- Coordinates: 13°32′28″N 99°49′27″E﻿ / ﻿13.54122°N 99.82403°E
- Carries: 1 Railway track
- Crosses: Mae Klong River
- Locale: Ratchaburi Province
- Official name: Chulalongkorn Bridge
- Maintained by: State Railway of Thailand

Characteristics
- Design: Truss bridge
- Total length: 149.7 metres
- Longest span: 49.9 metres

History
- Constructed by: Takigami Industries Co., Ltd.
- Opened: circa 1901

Location

= Chulalongkorn Bridge =

Bridge in Ratchaburi Province, Thailand

Chulalongkorn Bridge (สะพานจุฬาลงกรณ์) is a three-span railway bridge in Thailand crossings Mae Klong River. It is situated in Mueang Ratchaburi District, Ratchaburi Province, on the Southern Line Railway and paralleled to Thanarat Bridge. The bridge is named after King Chulalongkorn.

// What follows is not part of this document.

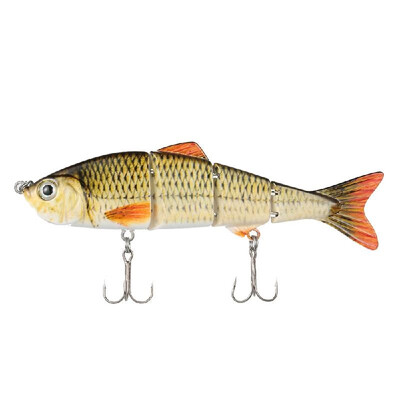 

120mm 17g 472" 4 Segments Multi-Jointed Hard Fishing Lure Life-like Swimbait Crank Bait 2 Treble VMC Hooks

Local people always calls Chulalongkorn Bridge in the name Saphan Dam (สะพานดำ), that refers to Black Bridge.

==History==
Chulalongkorn Bridge had been bombed by the Allied aircraft during World War II many times. Up to the present, under the Mae Klong River there are still many bombs from that era and the remains of steam locomotive.

==Features==
It is a three-span truss bridge, each span of length 49.9 meters.